Q4 0.3% GDP Revival Was All Increased Government Spending

Mrs Thatcher on Spitting Image. She reduced Britain’s debts and dependency.
The news that the recession ended (again) with growth rising in Q4 2009 to 0.3% (adjusted from 0.1%) should not be greeted with too many shouts of ecstatic joy. The growth in GDP (a pretty meaningless economic statistic at the best of times) can all be accounted for as coming from increased government spending.

This from the WSJ Europe –

According to Jefferies, a brokerage firm, government spending in the fourth quarter rose at its fastest clip since 2003. That increase more than accounted for the positive GDP reading, which means the so-called “real” economy is still struggling..

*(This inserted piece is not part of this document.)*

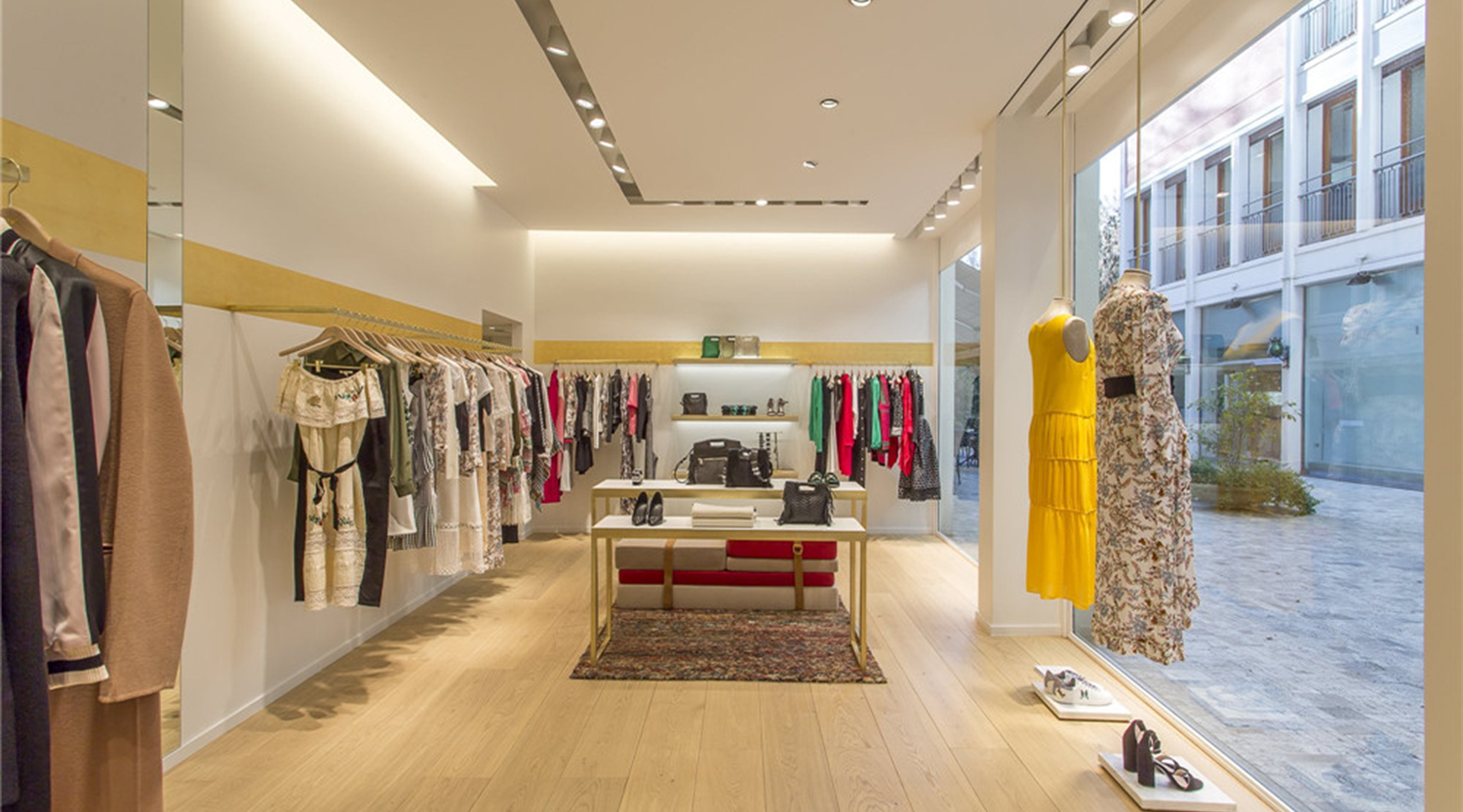 Alacritys Shop Interior Designer in Pune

Much more significant than Q4 ‘adjusted’ 0.3% growth figures, was the news of government revenues tumbling by £9 billion in January alone (0.6% of GDP), which came on top of the news that revenues fell by £29.6 billion to December 2009 (2% of GDP). This information means a lot more than flexi-GDP information, which can be manoeuvred easily enough by the raising of invoices, or other accounting adjustments. Cash is cash, and is not so easily lied about.

This and the news of highly authoritative Ipsos MORI Polling Organisation’s tightening Tory leads is enough to keep the Pound Sterling tumbling. I don’t think anyone’s listening to Brown and Darling chorusing their ‘recession has ended’ narrative any more. Money has heard enough of the blandishments.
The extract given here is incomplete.